- Your instructions: Drop every image, then reproduce the data exactly as given.

- Excerpted data:
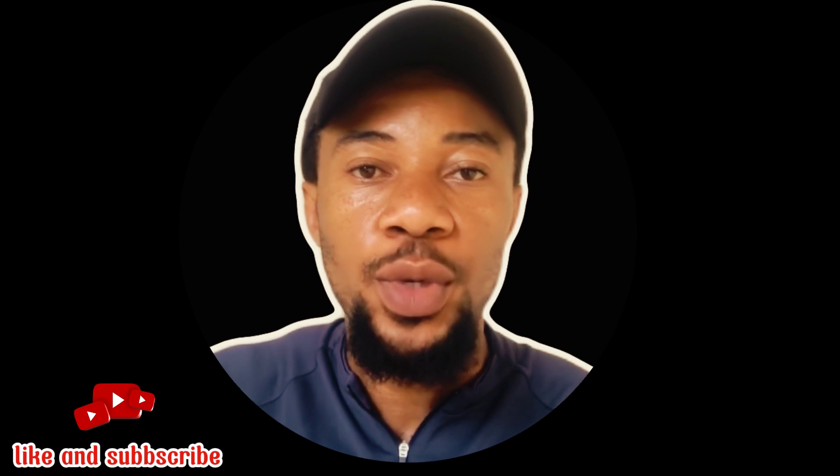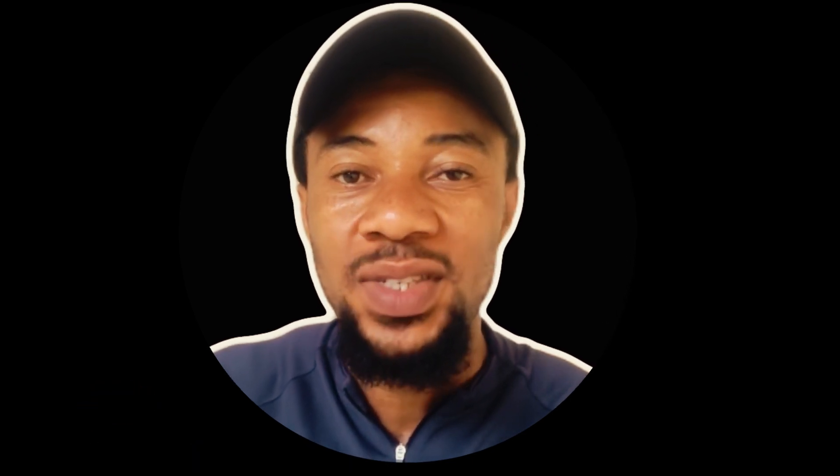That'll be all for this video. As I said, more videos will be coming up on this channel about Starlink and all you need to know. If you have any query or question, drop it in the comment section below. You can also use my WhatsApp link to chat with me for Starlink purchase or installation. Thank you guys and see you in my next video.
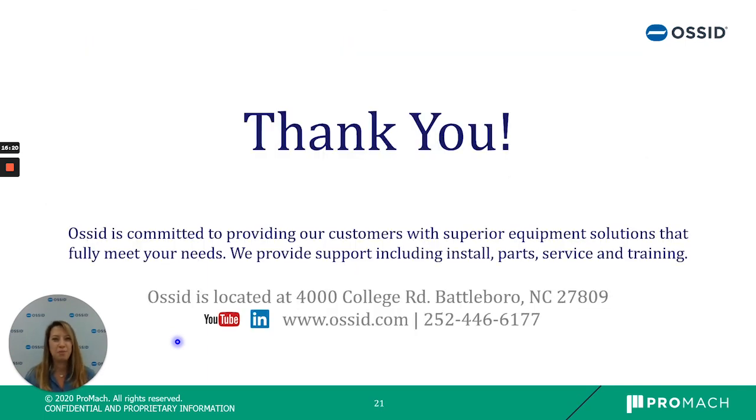AUSID is located in Battleboro, North Carolina, and we provide all installation, parts, service, and training to our customers. Thank you for joining us for this demo — if you have any questions, please enter them in the chat and we'll answer them as soon as we can.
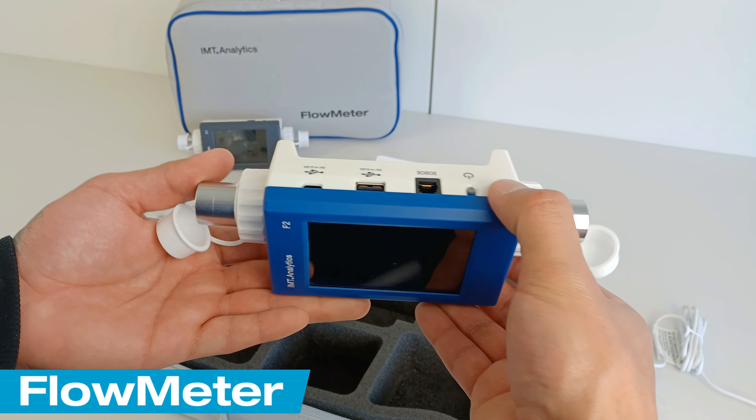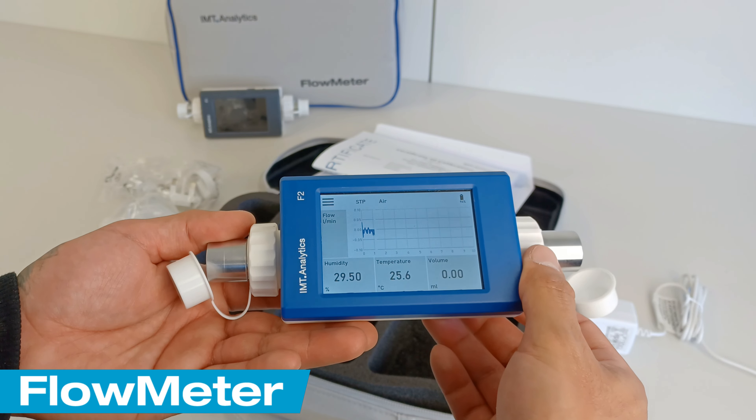We are confident that the flow meter will help you optimize your gas flow measurements with ease and accuracy.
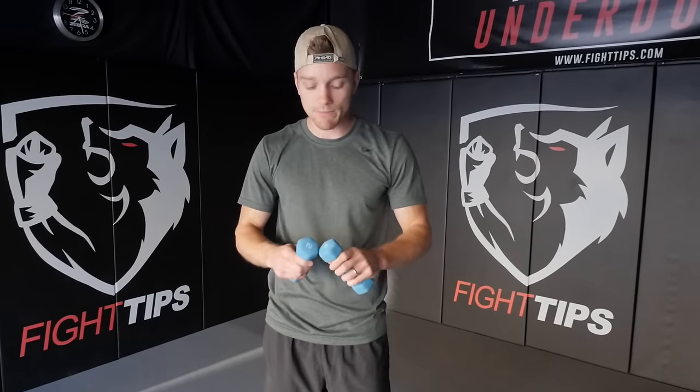So how much weight should you use? I like using two-pound weights. I don't go any heavier than this. Now I'm around 140–145 pounds. If you're bigger and stronger, you can get away with a three-pound weight, but don't exceed that. Five pounds is too heavy because once you start throwing hooks and overhands, it's gonna put too much strain on your shoulders. So keep it light.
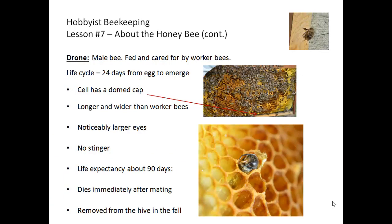Drones are the only male bees in the hive, and their only purpose is to mate with a queen bee. They provide no other service to the colony and are fed and cared for entirely by the worker bees. The drone life cycle takes 24 days from egg to emergence — longer than either a queen or a worker bee. As you can see in the picture, the drone cell is larger and has a domed cap. Drones are longer and wider than worker bees but not as long as a queen, and they have noticeably larger, glossy black eyes.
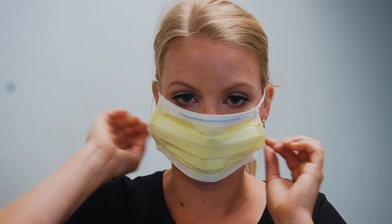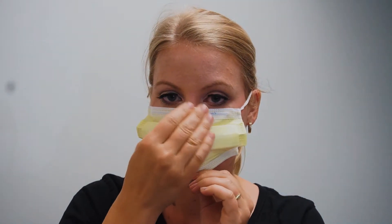Place ear loops on both ears. With both hands, shape the wire to your face and nose. Ensure the mask sits up higher to reduce fogging of eye protection.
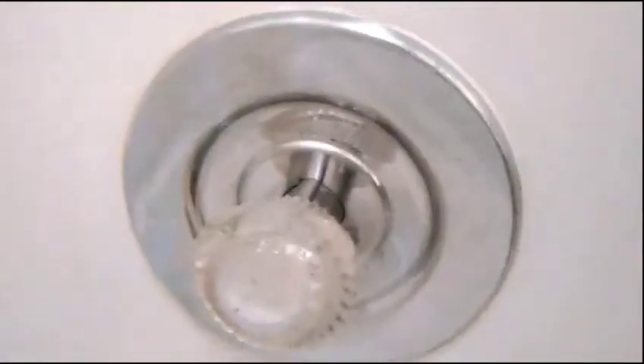Then I'm going to take my double zero steel wool and work that soap scum out, making sure I'm getting all of it. See how that just took all of that soap scum off? See the difference — see how shiny and nice it is compared to this right here.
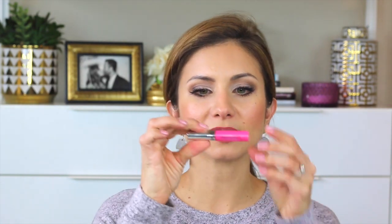For lips, I have on a liner by Bite Beauty in shade 0.6 — it's a pinky, not really nude but with some pink to it. I'm topping it with a Sephora Gel Gloss Ultra Shine Lip Gel in Pinup Pink. They're all pretty sheer, so even though it looks like a lot of color it fades fairly quickly, but that shine lasts.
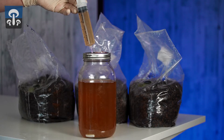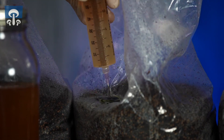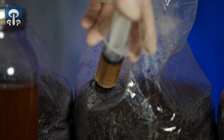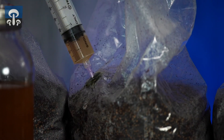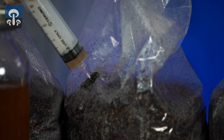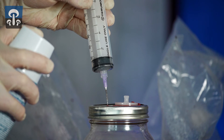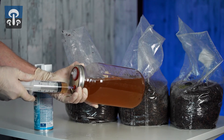Now it's time to inject the bags with liquid culture. Spray the needle tip and stick it through the middle of the inoculation port, being careful not to give the bag an exit wound. Spray the liquid culture all around the bag. Pull the needle out, spray it with Lysol, and stick it back in the jar again. Now repeat the process on the rest of the bags.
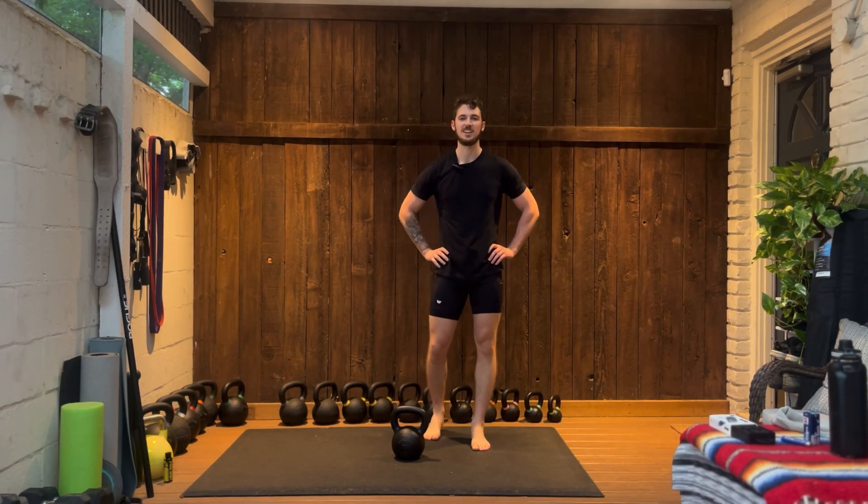What's up y'all, this could be a quick down and dirty kettlebell windmill tutorial. Let's get into it.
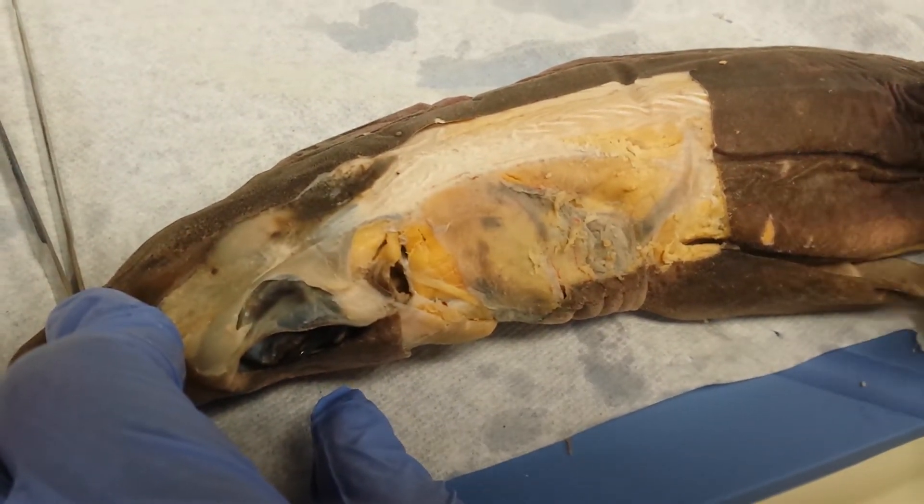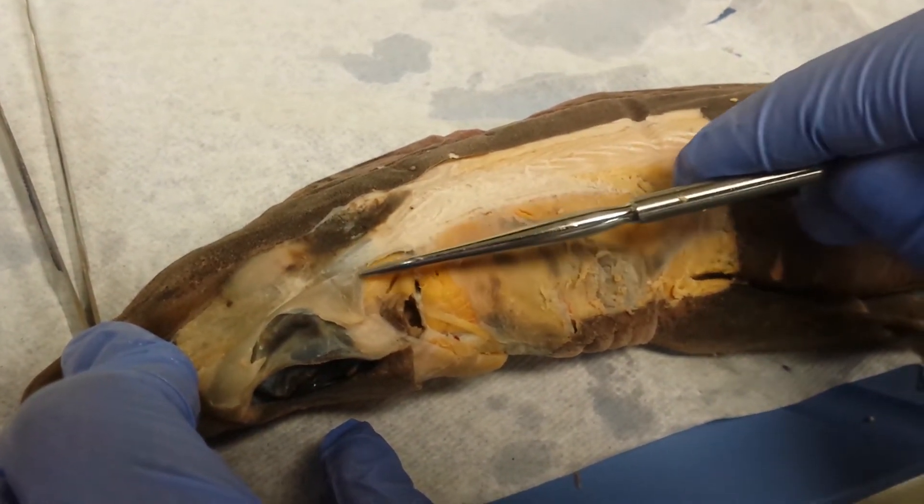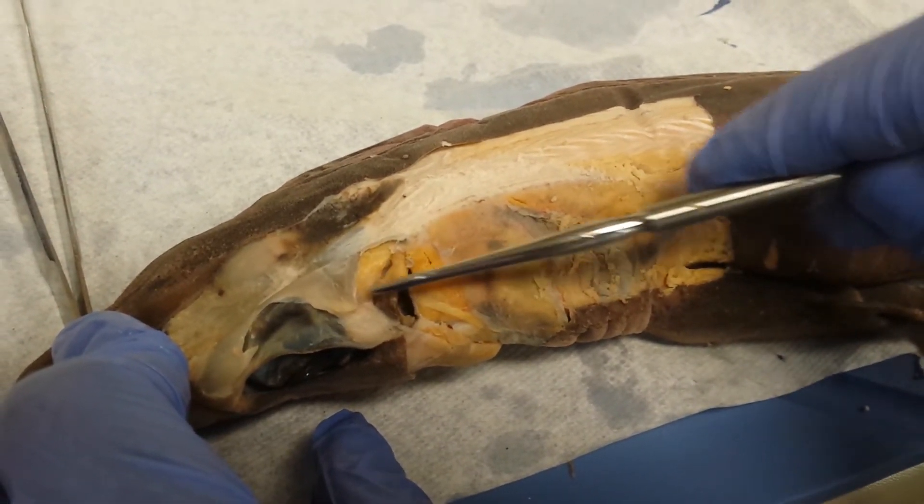So those are the dorsal muscles. I'm going to start at the front with the palato quadrati. Palato quadrati are square-shaped muscles, and it's anterior to the spiracul.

- Your response:
That'll be all for this video. As I said, more videos will be coming up on this channel about Starlink and all you need to know. If you have any query or question, drop it in the comment section below. You can also use my WhatsApp link to chat with me for Starlink purchase or installation. Thank you guys and see you in my next video.
AUSID is located in Battleboro, North Carolina, and we provide all installation, parts, service, and training to our customers. Thank you for joining us for this demo — if you have any questions, please enter them in the chat and we'll answer them as soon as we can.
We are confident that the flow meter will help you optimize your gas flow measurements with ease and accuracy.
So how much weight should you use? I like using two-pound weights. I don't go any heavier than this. Now I'm around 140–145 pounds. If you're bigger and stronger, you can get away with a three-pound weight, but don't exceed that. Five pounds is too heavy because once you start throwing hooks and overhands, it's gonna put too much strain on your shoulders. So keep it light.
Drones are the only male bees in the hive, and their only purpose is to mate with a queen bee. They provide no other service to the colony and are fed and cared for entirely by the worker bees. The drone life cycle takes 24 days from egg to emergence — longer than either a queen or a worker bee. As you can see in the picture, the drone cell is larger and has a domed cap. Drones are longer and wider than worker bees but not as long as a queen, and they have noticeably larger, glossy black eyes.
Place ear loops on both ears. With both hands, shape the wire to your face and nose. Ensure the mask sits up higher to reduce fogging of eye protection.
Then I'm going to take my double zero steel wool and work that soap scum out, making sure I'm getting all of it. See how that just took all of that soap scum off? See the difference — see how shiny and nice it is compared to this right here.
For lips, I have on a liner by Bite Beauty in shade 0.6 — it's a pinky, not really nude but with some pink to it. I'm topping it with a Sephora Gel Gloss Ultra Shine Lip Gel in Pinup Pink. They're all pretty sheer, so even though it looks like a lot of color it fades fairly quickly, but that shine lasts.
Now it's time to inject the bags with liquid culture. Spray the needle tip and stick it through the middle of the inoculation port, being careful not to give the bag an exit wound. Spray the liquid culture all around the bag. Pull the needle out, spray it with Lysol, and stick it back in the jar again. Now repeat the process on the rest of the bags.
What's up y'all, this could be a quick down and dirty kettlebell windmill tutorial. Let's get into it.
So those are the dorsal muscles. I'm going to start at the front with the palato quadrati. Palato quadrati are square-shaped muscles, and it's anterior to the spiracul.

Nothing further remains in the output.